Em 2023, a liderança do quilombo Nhunguara se tornou coordenadora-adjunta da Cooperativa dos Agricultores Quilombolas do Vale do Ribeira (Cooperquivale), que dá assistência ao escoamento e comercialização dos alimentos produzidos pelos agricultores quilombolas do Vale do Ribeira (SP).
Essa articulação em rede e nas associações fortalece a luta política das comunidades quilombolas do Vale do Ribeira pelo direito às roças, ao território e pelo combate ao racismo ambiental.
“Um trabalho, para dar certo, envolve outras pessoas junto com a gente, para o trabalho progredir, caminhar, expandir.
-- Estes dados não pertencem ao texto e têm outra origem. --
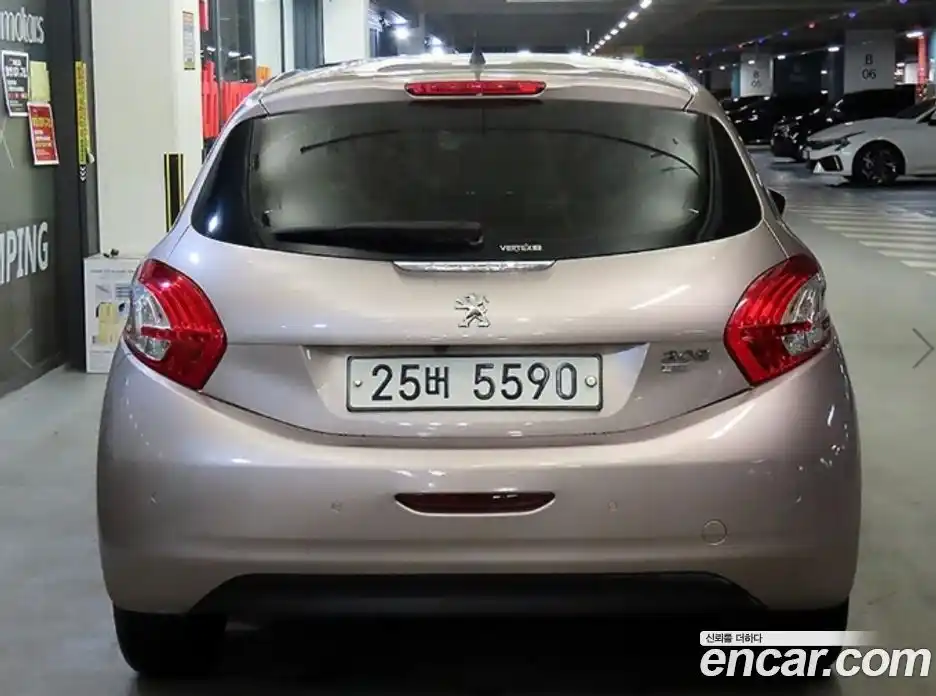 Peugeot 208 2013 1.6 гидро в Москве № 261336, фото 5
E é isso que a gente quer. A gente tem que lutar, tem que desafiar, tem que se unir. E é isso que a gente faz quando vê que a coisa vai complicar, a gente se reúne com as outras comunidades, em movimento no local e se precisar até em Brasília”.
A resistência continua
Ao relembrar a infância no Quilombo Sapatu, Maria Tereza Vieira ressalta que hoje os jovens têm acesso a tecnologias e oportunidades de estudo que contribuem para a proteção territorial, para a organização das comunidades e para a garantia dos direitos assegurados pela Constituição Federal.
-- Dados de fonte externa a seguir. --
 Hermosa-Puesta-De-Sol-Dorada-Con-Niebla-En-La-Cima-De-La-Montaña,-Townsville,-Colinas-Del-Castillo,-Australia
“A faculdade tá voltada mesmo pros descendentes do quilombo. Então, eles voltam pro território e começam a valorizar o nosso local, a nossa convivência: ‘foi através do quilombo que eu consegui estudar. Então, tenho que fazer alguma coisa por esse povo’”.
Ainda há muito a ser trilhado para que a juventude se engaje, de fato, na luta das comunidades, mas a participação dessa população já contribui no cotidiano dos quilombos do Vale do Ribeira.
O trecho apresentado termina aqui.